Friday, January 28, 2022

Punished for Promptness: Part 2

I originally wrote on this last year and shared three instances where my timeliness backfired due to events outside of my control. There was one instance I forgot to include which I remembered later, so I'll share this story now.

When I was a freshman in college, I started taking classes toward my teaching certification my second semester. It was my very first teaching class with a student teaching component. Being the studious person I was, I checked my schedule early and wrote down room assignments so I'd be ready for the first day of classes.

My introduction to teaching class was my first class of the day. On my first day, I went to the building, sat outside the classroom, and waited. There was one other student waiting with me. We were nervously watching the clock. Class started. Nobody else was there. Five minutes passed. We started anxiously looking at each other. Then one of us (I remember it being me) looked online at the class schedule posting again only to find that the room listed was not the room we were sitting outside of. 

Frantically, we rushed to the other building and found the correct classroom where this class was being held. The two of us walked in about 10 minutes late and the professor glared at us. We meekly explained the situation, but I don't think she bought it. After all, 90% of the class made it on time, why didn't we? 

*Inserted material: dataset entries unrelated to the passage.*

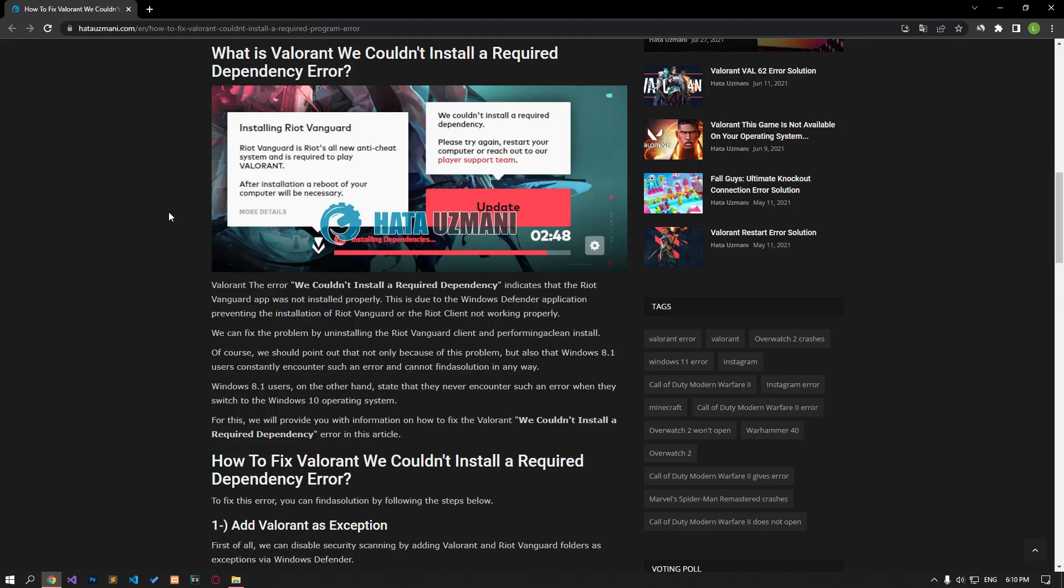Hello everyone, welcome to the Bug Expert channel. In this video, we will talk about solutions for friends who encounter the error Valorant we couldn't install a required dependency. This error indicates that the Riot Vanguard application was not installed properly. This is because the Windows Defender application is preventing the installation of Riot Vanguard or the Riot client is not working properly. For this, we will give you information on how to fix the problem by mentioning a few suggestions.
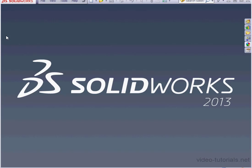Welcome back. In this tutorial, we're going to learn about SolidWorks' Pack & Go function.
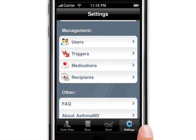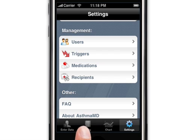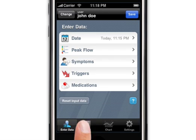Back to the settings, at the bottom of the settings page there are frequently asked questions and answers and information about asthma that you can use.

The correct answer to that is I believe we were the special 10% of our kind who had good intentions of being prompt, prepared, and ready. Unfortunately in this situation, it backfired. I do believe I was able to prove myself in the next two and a half years as I had this same professor again the year I graduated. She was one of a few teachers of the first class in sequence and she was the teacher who taught the third class. I was lucky enough to have her for both. We made teaching binders with all of our lesson plans, reflections, and teaching materials neatly catalogued. Each semester, I turned mine in early if not first. 

I've told my professor this story before. I don't remember what she said, but I don't think she remembered it happening. I don't blame her. There's a lot of kids to teach and two late ones for one class don't mean much. 

I still like being prompt. Even if it backfires.